Melamine is not necessarily dangerous in small quantities, but the chemical had been added in such huge amounts to baby formula that at least four infants have died of acute kidney
problems and thousands more are sick with kidney and other organ failure after being fed on a diet of milk powder from the Sanlu Group.

But an investigation has revealed the contamination extends far beyond Sanlu’s baby formula. China’s top quality regulator has been fired, the head of Sanlu has been
arrested along with some 18 other people involved with selling melamine or tampering with milk.

The European Union does not import milk or milk products from China and France’s measure targets foodstuffs that contain Chinese dairy products as an ingredient. The French agriculture
and economic ministries said: “The public authorities have decided … to adopt further precautionary measures for all products incorporating milk derivatives of Chinese origin.
These products will have to be withdrawn from the market and will not be able to be put on sale.”

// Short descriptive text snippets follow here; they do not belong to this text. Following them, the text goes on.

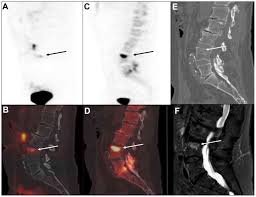 The american cancer society provides detailed information on prostate cancer and its treatment. 68ga Psma Pet Ct For The Detection Of Bone Metastasis In Recurrent Prostate Cancer And A Psa Level 2 Ng Ml Two Case Reports And A Literature Review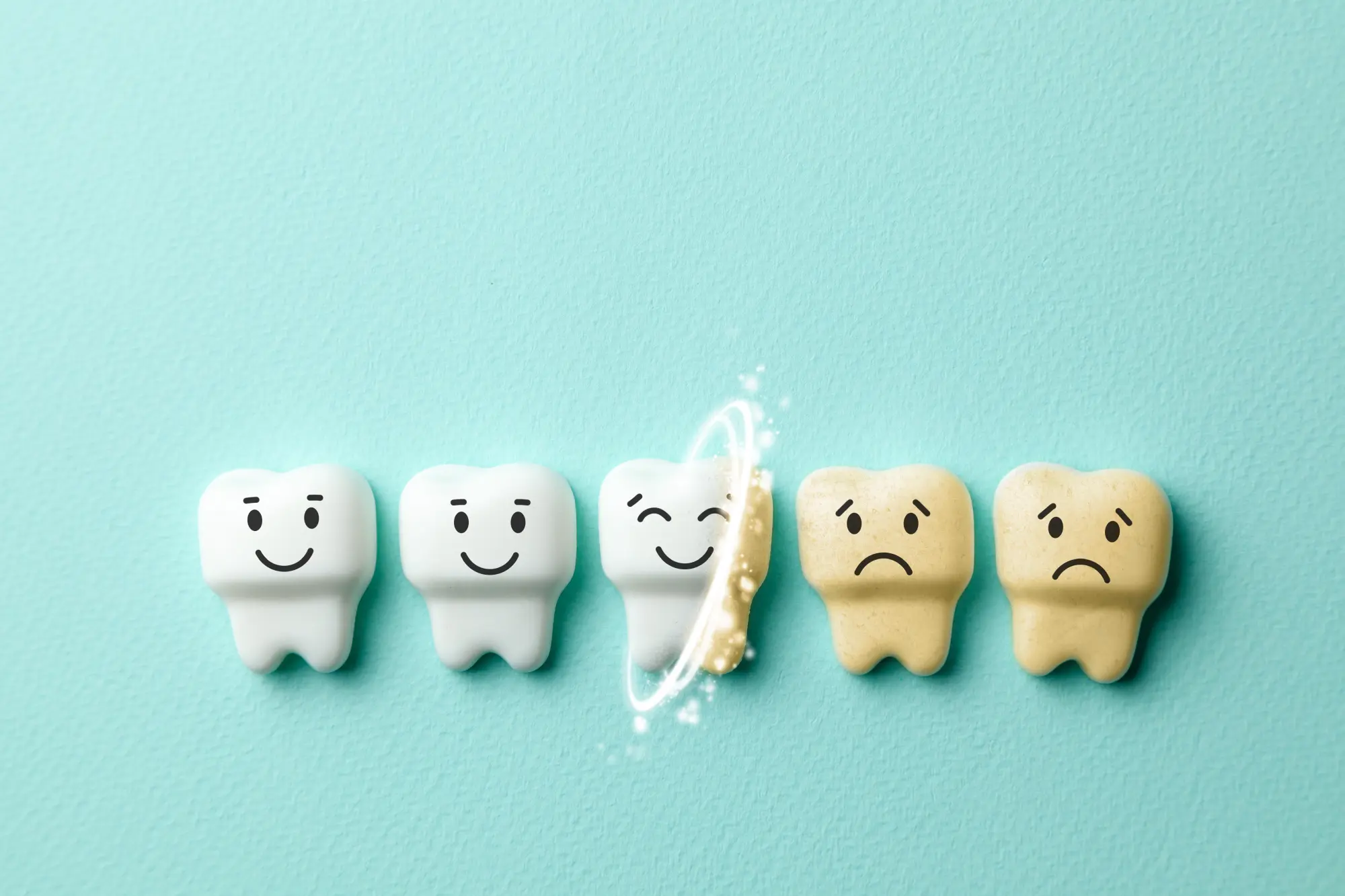 Professional Whitening in overland park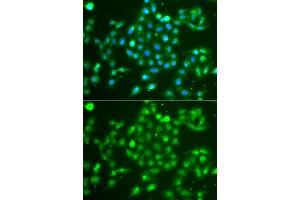 Immunofluorescence analysis of A549 cells using UCHL5 antibody. (UCHL5 Antikörper)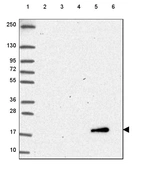 Lane 1: Marker [kDa] 250, 130, 95, 72, 55, 36, 28, 17, 10_br/_Lane 2: Human cell line RT-4_br/_Lane 3: Human cell line U-251 MG_br/_Lane 4: Human plasma_br/_Lane 5: Human Liver tissue_br/_Lane 6: Human Tonsil tissue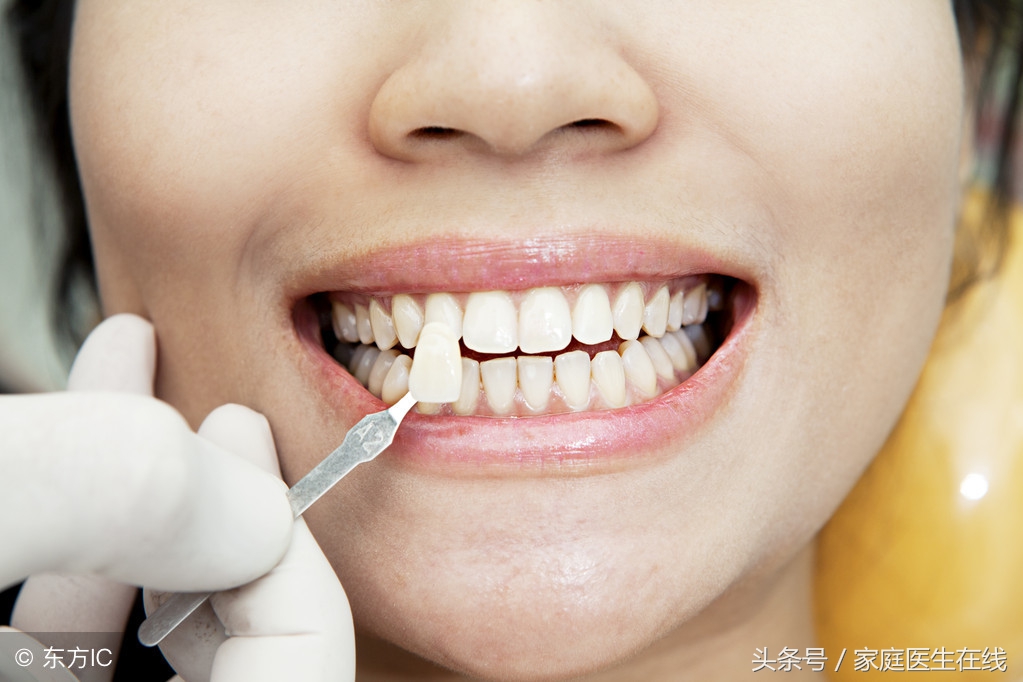 牙齿黄的人如何成功“洗白”？这两种方法，值得收藏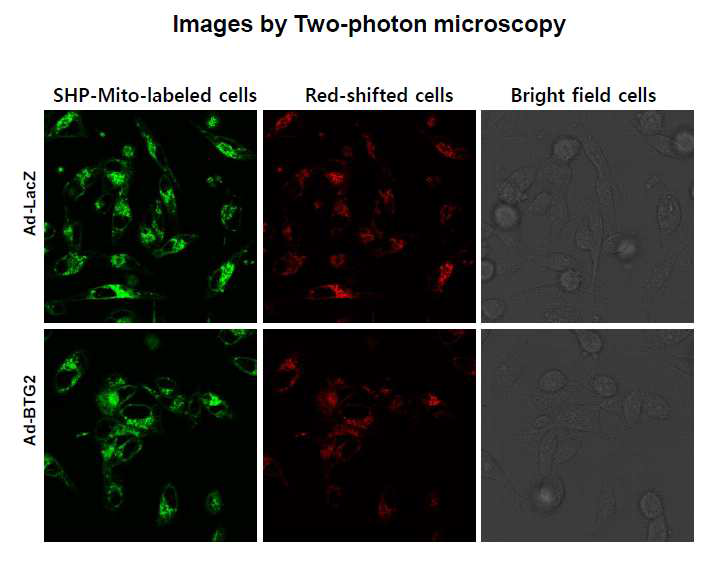 Two-photon microscope analysis after SHP-Mito staining in MDA-MB-231 cells infected with adenovirus carrying BTG2 gene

Italy has announced similar measures. The European Commission has asked the European Food Safety Authority to issue a scientific opinion on whether processed items containing milk
products from China pose a risk to human health, and the announcement is expected this week.

South Korea said it had banned imports of Chinese-made food products containing powdered milk following the discovery of biscuits tainted with melamine. Australia and New Zealand also
issued recalls Thursday for imported White Rabbit candy.

New Zealand Food Safety Authority spokesman Geoff Allen said he expected the White Rabbit Creamy Candies to be off shelves within 24 hours. A statement posted on the agency website
said: ”This product contains sufficiently high levels of melamine which may, in some individuals, cause health problems such as kidney stones. The levels we have found in these
products are unacceptable.”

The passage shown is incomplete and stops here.